Problem statement:
Would you reproduce, without any alteration, the lines from the opening line of the entries through the line that has "Rock of Cashel Ireland by Elly van Veen" in it?

Short text fragments from websites
□ □ □ □ □ □ □
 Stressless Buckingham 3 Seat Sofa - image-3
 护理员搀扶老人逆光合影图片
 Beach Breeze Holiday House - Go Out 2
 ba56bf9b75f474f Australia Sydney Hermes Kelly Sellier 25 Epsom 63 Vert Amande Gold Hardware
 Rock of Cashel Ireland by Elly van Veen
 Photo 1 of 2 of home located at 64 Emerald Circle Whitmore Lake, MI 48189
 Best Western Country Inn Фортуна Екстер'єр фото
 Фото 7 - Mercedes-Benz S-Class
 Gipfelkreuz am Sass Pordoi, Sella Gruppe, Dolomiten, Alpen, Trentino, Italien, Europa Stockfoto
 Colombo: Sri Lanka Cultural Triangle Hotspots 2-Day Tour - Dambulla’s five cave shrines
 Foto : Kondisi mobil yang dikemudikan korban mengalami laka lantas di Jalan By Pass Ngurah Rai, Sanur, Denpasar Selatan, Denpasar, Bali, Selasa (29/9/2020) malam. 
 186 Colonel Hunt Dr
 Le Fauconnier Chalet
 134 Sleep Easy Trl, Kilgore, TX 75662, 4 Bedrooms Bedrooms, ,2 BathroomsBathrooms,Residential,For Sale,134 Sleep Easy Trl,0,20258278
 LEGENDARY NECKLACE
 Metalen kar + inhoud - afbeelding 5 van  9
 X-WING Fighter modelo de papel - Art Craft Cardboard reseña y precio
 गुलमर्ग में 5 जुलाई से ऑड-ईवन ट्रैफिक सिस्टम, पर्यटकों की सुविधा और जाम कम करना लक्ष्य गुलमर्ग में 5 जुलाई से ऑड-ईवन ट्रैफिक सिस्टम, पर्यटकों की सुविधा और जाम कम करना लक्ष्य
□ □ □ □ □ □ □
Reply:
 Stressless Buckingham 3 Seat Sofa - image-3
 护理员搀扶老人逆光合影图片
 Beach Breeze Holiday House - Go Out 2
 ba56bf9b75f474f Australia Sydney Hermes Kelly Sellier 25 Epsom 63 Vert Amande Gold Hardware
 Rock of Cashel Ireland by Elly van Veen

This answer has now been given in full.